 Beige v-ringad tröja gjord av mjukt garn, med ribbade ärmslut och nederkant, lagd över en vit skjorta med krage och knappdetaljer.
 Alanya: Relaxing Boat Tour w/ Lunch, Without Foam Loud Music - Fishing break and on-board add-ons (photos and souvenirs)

==

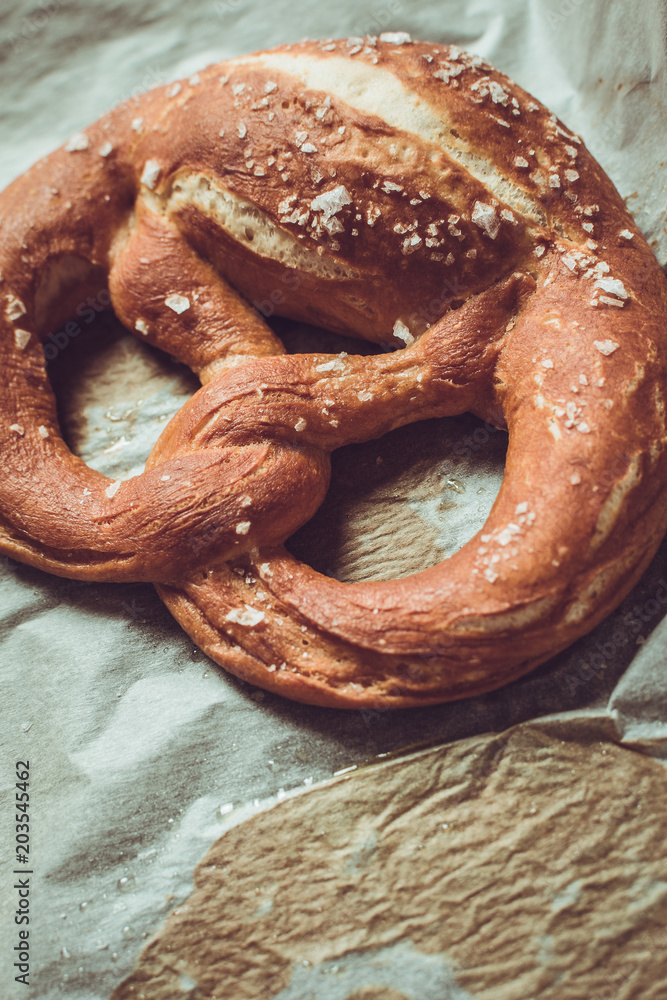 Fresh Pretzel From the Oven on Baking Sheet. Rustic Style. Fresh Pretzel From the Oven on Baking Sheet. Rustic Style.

...

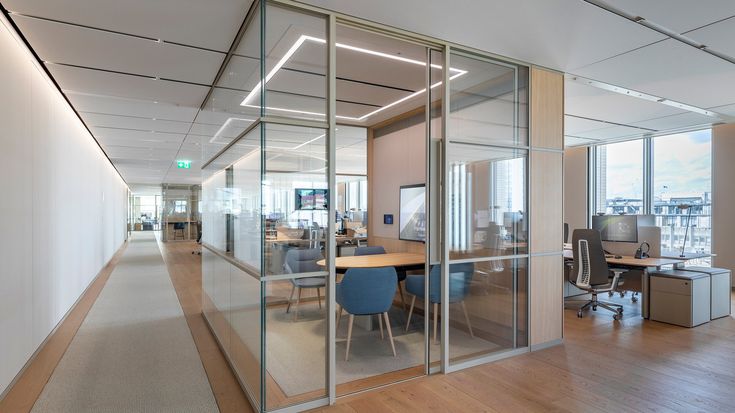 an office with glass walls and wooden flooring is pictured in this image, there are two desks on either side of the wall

__What you are asked to do__
All lines above from the one holding "Beige v-ringad tröja" to the one holding "Alanya: Relaxing Boat", inclusive, are to be copied exactly; no other line is wanted.

__Output of the task__
 Beige v-ringad tröja gjord av mjukt garn, med ribbade ärmslut och nederkant, lagd över en vit skjorta med krage och knappdetaljer.
 Alanya: Relaxing Boat Tour w/ Lunch, Without Foam Loud Music - Fishing break and on-board add-ons (photos and souvenirs)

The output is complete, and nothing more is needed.